A Case for Standardized Custom Advertising

Ad exchanges are making the quality and power of a publication's brand meaningless. Here's what publishers must do to adapt.

The banner advertising world is close to radical transformation from the influence of advertising exchanges, where ads are purchased based on a real-time auction for the person actually viewing the spot, instead of a general media buy. For agencies, ad exchanges threaten to upend established ways in which digital advertising is bought and created. For advertisers, ad exchanges offer incredible efficiencies and effectiveness. For publishers, ad exchanges are an entirely different story.

While it’s a new, easy way to sell inventory, it’s another thing (like ad networks and Google AdSense) that commoditizes the media property. With ad exchanges, the quality and power of the publication’s brand is meaningless. What matters is the specific audience that’s delivered, and that’s it. You could be an industry-leading brand that’s loved and respected by a large audience or a small blogger hobbyist and it doesn’t matter. A user that fits the profile is all that matters to ad exchanges, and publishers get the same revenue from that user no matter who the publisher is.

For small websites, ad exchanges are great: it gives them access to display advertising revenue that they probably wouldn’t have been able to get otherwise. But for large publishers, it’s yet another thing that’s expediting the decline in CPMs (define), since the supply of audience greatly exceeds the demand for advertising. The last thing publishers need is another thing that undermines the economic viability of content sites.

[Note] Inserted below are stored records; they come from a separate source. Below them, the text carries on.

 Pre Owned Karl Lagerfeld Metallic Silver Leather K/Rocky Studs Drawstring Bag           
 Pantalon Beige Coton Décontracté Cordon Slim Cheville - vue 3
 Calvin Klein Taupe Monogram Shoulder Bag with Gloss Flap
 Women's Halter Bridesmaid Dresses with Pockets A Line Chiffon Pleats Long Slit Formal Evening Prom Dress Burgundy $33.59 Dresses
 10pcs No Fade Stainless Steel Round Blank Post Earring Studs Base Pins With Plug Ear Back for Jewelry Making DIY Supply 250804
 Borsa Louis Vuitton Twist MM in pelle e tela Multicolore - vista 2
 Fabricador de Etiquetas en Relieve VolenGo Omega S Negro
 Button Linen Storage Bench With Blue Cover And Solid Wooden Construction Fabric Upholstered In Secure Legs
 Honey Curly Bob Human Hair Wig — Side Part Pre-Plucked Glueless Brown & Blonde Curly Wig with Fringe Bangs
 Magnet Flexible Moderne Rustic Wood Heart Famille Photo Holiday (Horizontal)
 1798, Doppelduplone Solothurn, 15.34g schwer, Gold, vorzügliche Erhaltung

So far, publishers haven’t been hit with some of the effects of ad exchanges as they aren’t yet the main way for people to buy media. More often, display advertising buys are still driven by media planners who adhere to conventional notions of buying the largest websites in the appropriate comScore categories. But ad exchanges are clearly the future. The economic efficiencies inherent in ad exchanges make them inevitable. The success of Google and Facebook’s advertising systems attest to this. Large publishers may initially resist participating in ad exchanges, but as more funds move toward exchanges, publishers will be forced to follow suit.

So, what’s a publisher to do?

Many publishers are fighting commoditization by offering tightly integrated, highly specialized opportunities, because this is where ad exchanges and networks fall short. Exchanges depend on standardization, but standardized ad units can be less effective than unique sponsorships, which are tightly integrated with editorial. So it’s logical for premium publishers to demonstrate their premium value by offering one-of-a-kind, standout opportunities. Doing this shifts the publisher’s role from an advertising vehicle to a partner providing real marketing solutions to clients.

This is the right idea, but the approach comes with big risks – namely, increased costs. Publishers can be so eager to attract blue-chip advertisers that they promise intricate solutions that require an excessive amount of development. Stating the obvious, if an advertiser has $500,000 to spend on a media buy, the publisher shouldn’t spend $500,000 to create the custom sponsor integration. But you’d be surprised how often we see the cost of the custom solution eat up most, if not all, of the revenue generated from the ad spend. In these cases, the advertising is effectively free and the marketer is really paying for the custom development effort. A lot of publishers don’t realize it, but when looking at the economics of a lot of these custom deals, the publisher looks more like a small Web development shop than a media property selling ad space.

The way out of this conundrum is for publishers to embrace the notion of “standardized” custom advertising solutions. Publishers should be equipped with an arsenal of mass-produced advertising solutions that can be rapidly customized to represent the interests of individual advertisers. They should not be conceptualizing and building new solutions for each RFP (define).

It’s just like buying a car – you can personalize it, but only within reason. You can change the color; you can add a ski rack; maybe you can even add a heated steering wheel. But you can’t change the shape of the headlights, the width of the car, the design of the logo, or the size of the trunk. The automaker doesn’t rebuild its factory to offer customers the exact automobile of their dreams. There are limits, and these save the brand identity. Translated to the ad world, this means a publisher could design a framework that allows basic customization through a CMS, but requires no real custom work. Publishers, identify five unique things that could get an advertiser excited, build it so it’s CMS-friendly, and offer it again and again.

Do you have a large repository of articles? Give advertisers the ability to buy a custom editorial section that just takes existing articles and puts them in a new template that matches the advertiser’s color palette. Do you have active discussion boards? Offer branded discussion boards that can be about any topic relating to the advertiser. Are slideshows a big deal on your site? Offer topic-specific slideshows with clever ad integration. No matter what your solution, the key is that it uses all the same technology tools. Build up a warehouse of these and train your sales force to repackage these standard “custom” ideas into a unique solution for potential advertisers. Done correctly, your site becomes unique and premium to marketers without a lot of effort.